Alguns exercícios militares também continuam sendo realizados. Perto dos pequenos povoados de Kuzminka e Chkalov, a 130 quilômetros da fronteira, existe um campo de treinamento militar onde foram conduzidos exercícios das tropas aerotransportadas em meados de março.

As estradas de terra batida que levam ao campo de treinamento foram consertadas, e o território em volta dele continua sendo controlado por soldados que, em grupos de dois ou três homens, se aquecem nas fogueiras feitas na beiras da estrada. “O acesso ao campo estará vedado ainda por alguns dias”, diz o vigia de serviço na entrada do campo militar que travou a passagem do repórter.

No norte da região, a paisagem é um tanto diferente. Em Novochakhtinsk, não há nenhum soldado nem veículo. Ao longo da fronteira paralela à rodovia Donbass rumo ao norte, encontra-se estradas de terra, nem sempre assinaladas no mapa, que começaram a ser alargadas antes de receber o asfalto.

Os guardas da fronteira russa alertam que só um em cada dois homens com passaporte russo está conseguindo autorização para entrar na Ucrânia. “Agora, tentamos não atravessar a fronteira com placas russas”, reclamam os motoristas no terminal local de ônibus. “É melhor cruzar a fronteira a pé e ir a Lugansk com um táxi.”

Nos postos de controle ucranianos, o tempo médio para passagem é de uma hora e meia. A gravação em vídeo faz diversas perguntas, tais como “para onde você vai?”, “quantas vezes esteve na Ucrânia nos últimos meses?”, “quanto dinheiro está levando contigo?” e “quem você conhece em Kiev?”. Ao fim das questões, geralmente impedem a passagem sob o pretexto de “não confirmação da estadia planejada no território da Ucrânia”.

Promessa para refugiados

Ao regressar a Donetsk, nota-se que nenhuma medida especial de segurança vem sendo tomada na cidade ao longo das últimas semanas. Alguns centros de tratamento foram adaptados para receber eventuais refugiados da Ucrânia. No posto de acolhimento mais perto da fronteira do país, não se observa uma grande quantidade de refugiados.

A 20 km de Taganrog, no povoado de Zolotaia Kossa, os cidadãos provenientes da Ucrânia são mantidos há quase duas semanas no centro de tratamento infantil Romachka, na costa do mar de Azov. No total, são 34 pessoas, a maioria vinda das regiões do sudeste do país.

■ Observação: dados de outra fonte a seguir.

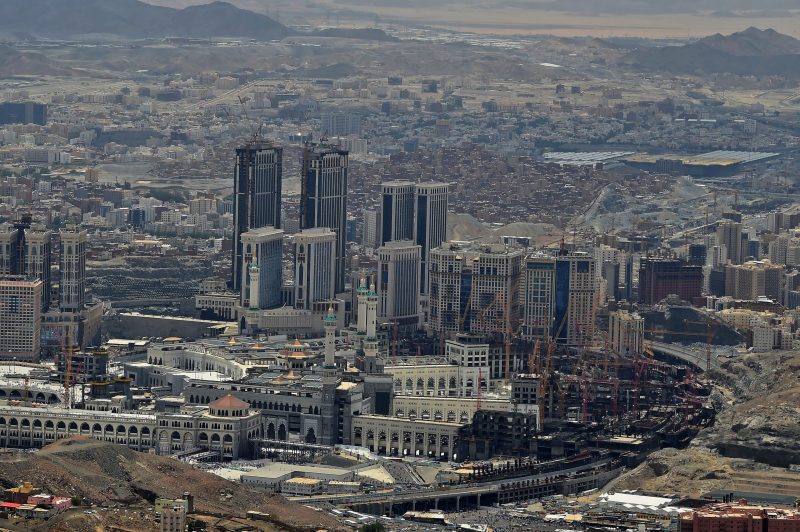 السعودية تقرر حظر تجول كامل في مدن مكة المكرمة والمدينة المنورة على مدى 24 ساعة يومياً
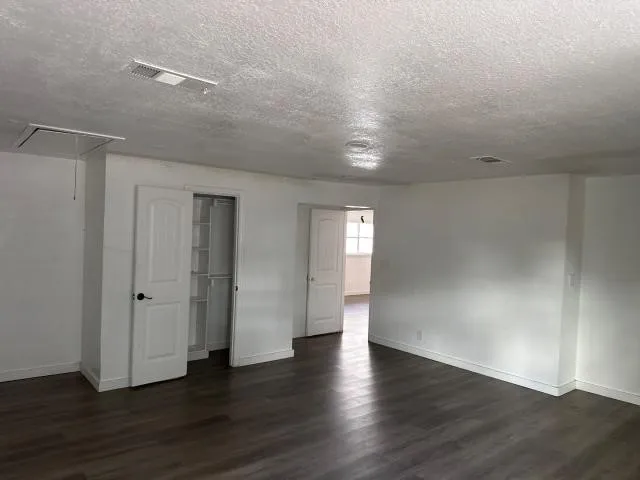 Single Family Residence For Sale in Tarrant County , 5232 Cockrell Avenue, Fort Worth, Texas 76133, 4 Bedroom, 2 Bathroom, Garage spaces, 2,107 Sqft, built in 1961, mls#21401496, Real Estate Agent in Fort Worth, Homes For Sale in Tarrant county, Homes For Sale in Fort Worth, Realtor in Fort Worth Texas, Real Estate Brokerage Independent Realty Texas, Luminita Cordes Realtor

Uma família de 14 pessoas chegou à região de Rostov vinda de Nikolaiev. “Extremistas organizam saques, espancam russos, fazem ataques armados contra táxis e ônibus”, explica o pai, que preferiu não se identificar.

O Ministério do Trabalho da região de Rostov está procurando trabalho para os recém-chegados, mas as autoridades locais não estão com pressa em emitir o estatuto de refugiados políticos aos que chegam, quiçá conceder documentos para cidadania.

O construtor Artiom, acompanhado de sua esposa e dois filhos, chegou ao Romaschka vindo da região de Lugansk. “Não tem simplesmente nada para fazer lá. Não tem trabalho, ninguém quer construir nada sem saber o que o futuro trará”, conta.

Segundo ele, a maioria dos habitantes de Romaschka se tornaram refugiados não por causa de ameaças à população russa que vive na Ucrânia, mas porque ouviram dizer na TV que, imediatamente após cruzarem a fronteira e o reconhecimento do estatuto de refugiados, receberiam cidadania russa, alojamento e ajuda financeira.